34Cabinet has agreed that responsible Ministers may approve investments or asset divestments in an agency as set out in Annex 1, Table 1, subject to any Cabinet-approved changes arising from the Investor Confidence Rating.

Departmental Chief Executives

35Departmental chief executives can help create the conditions for effective investment and asset management by supporting Ministers to take a system-wide view, including considering the broader implications of agency investments on other parts of the state sector.

36Each departmental chief executive is responsible for the performance of the department's investments and assets, and for any non-departmental assets they manage on the Crown's behalf.

37Departmental chief executives may approve investments or asset divestments as set out in Annex 1, subject to any Cabinet-approved changes arising from the Investor Confidence Rating.

38Departmental chief executives must ensure their agency's current medium-to-long-term plan provides relevant, high quality information on the performance of current and future investments to inform all-of-government processes such as government's fiscal strategy, reviews of the affordability of current policies and the value of service delivery options.

39Departmental chief executives will ensure agencies plan for and accumulate sufficient funding within existing balance sheets to retain the appropriate asset capacity needed to underpin current levels of service. Any projected shortfall in capacity should be incorporated in long term plans.

40Chief executives will ensure agencies adopt and apply, as good management practice, Treasury guidance on investment management.[3]

Boards of Crown entities and companies

41Each board is responsible for the performance of its agency's investments and assets.
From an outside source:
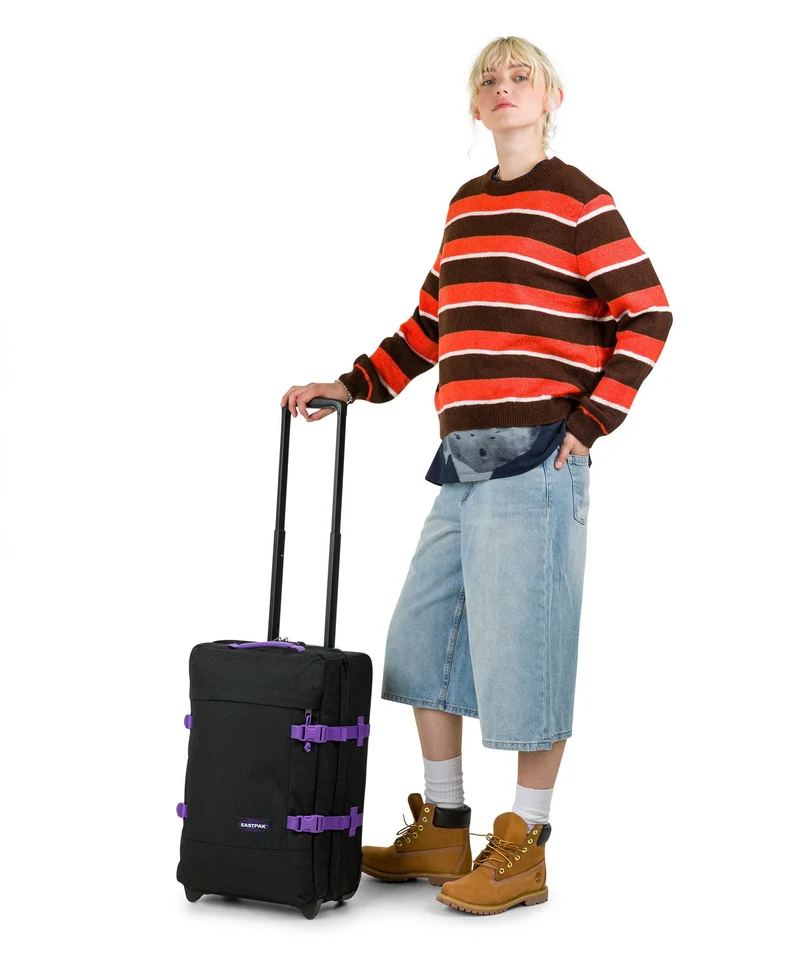 Eastpak Tranverz S Bolso de viaje con ruedas kontrast vineyard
Boards will provide Ministers with relevant, high quality information on the expected and actual performance of investments to inform all-of-government processes such as the government's fiscal strategy, reviews of the affordability of current policies and the value of service delivery options.

42Boards should adopt and apply, as good management practice, guidance on investment management published by the Treasury.[4]

The Treasury as system leader

43The Treasury leads the government's investment management system.  The Treasury is responsible for developing and maintaining the integrity of the system as a whole.  In this capacity it will:

43.1oversee and provide guidance on the performance of investments and assets;

43.2share investment information with agencies;

43.3develop and contribute to a network of investment and asset management excellence across the system;

43.4ensure all investment management guidance materials are consistent with and support the system objective and system expectations;

43.5review the effectiveness and efficiency of the system settings;

43.6determine the methodology for Investor Confidence Rating assessments;

43.7determine the appropriate level of centrally-required assurance activity (eg investment reviews such as Gateway reviews) and investment performance support, including advice to Ministers about investments;

43.8determine whether investments or asset portfolios are significant for the purposes of this circular;

43.9periodically commission independent assessments of investment management capabilities and practices in agencies;

43.10report on the performance of the system; and

43.11provide advice on the performance of functional leaders operating within the system.

44The Treasury will perform the above roles in consultation with relevant agencies, functional leaders, and the New Zealand Infrastructure Commission, Te Waihanga, as appropriate.

State Services Commission (SSC)

45SSC has an overall system leadership role in relation to the State services.  In relation to the investment management system, SSC will:

45.1manage the performance of Public Service chief executives;

45.2support, develop and assess functional leadership across the State services;

45.3advise on the machinery of government, including changes in the allocation of functions and responsibilities among government agencies and technical advice on Crown entity issues;

45.4provide human resource and capability functional leadership, including development of senior leaders and strategies to address emerging skill gaps; and

45.5deliver aspects of assurance, including routine monitoring of public service departments and delivery of the Performance Improvement Framework.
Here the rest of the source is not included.